I am encountering a very strange bug. The code that produces the bug is fairly long so below is a sketch of what is going.
I have an nn.Module that describes a feedforward NN. This module has another nn.Module as a submodule that describes a custom layer. The layer module has a forward() function, some nn.Linear layers and several functions.

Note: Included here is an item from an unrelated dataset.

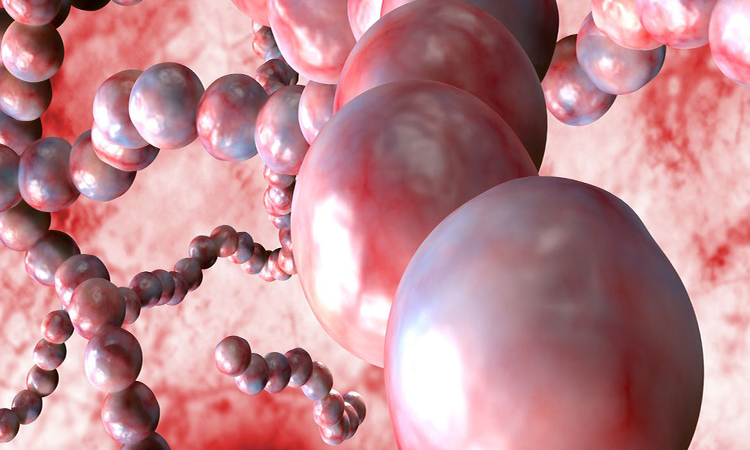 Bacterial infection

class feedforward(nn.Module):
def __init__(self, num_kernels, levels):
super(feedforward, self).__init__()
self.layer = custom_layer()
def forward(self, inpt):
return self.layer(inpt)
class custom_layer(nn.Module):
def __init__(self, num_kernels, levels):
super(custom_layer, self).__init__()
self.l1 = nn.Linear(...)
def func_that_uses_l1(self, other):
print('Devices #2', other.device, self.l1.weight.device)
return self.l1(other)
def somefunc(self, inpt):
device = self.l1.weight.device
other = torch.arange(10, device = device)
print('Devices #1', other.device, self.l1.weight.device)

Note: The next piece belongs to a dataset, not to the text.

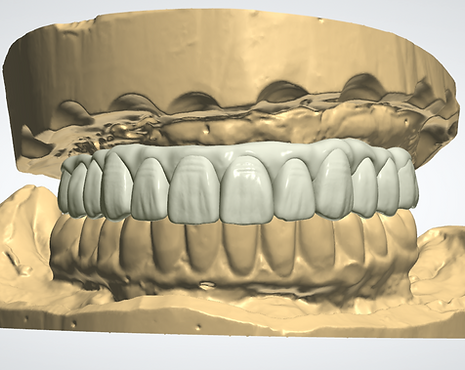 Full Arch Prosthesis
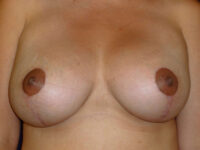 breast augmentation with lift patient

something = self.func_that_uses_l1(other)
return function of inpt and something
def forward(self, inpt):
return self.somefunc(inpt)
net = nn.DataParallel(feedforward()).to('cuda:0'), device_ids=[0,1,2,3])
outpt = net(inpt)
The strange thing that happens is that in somefunc the devices are equal and correctly distributed over the GPUs, i.e. self.l1.weight is cuda:0, cuda:1, cuda:2 and so on but in func_that_uses_l1 self.l1 is always on device cuda:0, i.e. the output is the following:
Devices#1 cuda:1 cuda:1
Devices#2 cuda:1 cuda:0
Devices#1 cuda:2 cuda:2
Devices#2 cuda:2 cuda:0
Devices#1 cuda:3 cuda:3
Devices#2 cuda:3 cuda:0
This obviously raises a “RuntimeError: arguments are located on different GPUs”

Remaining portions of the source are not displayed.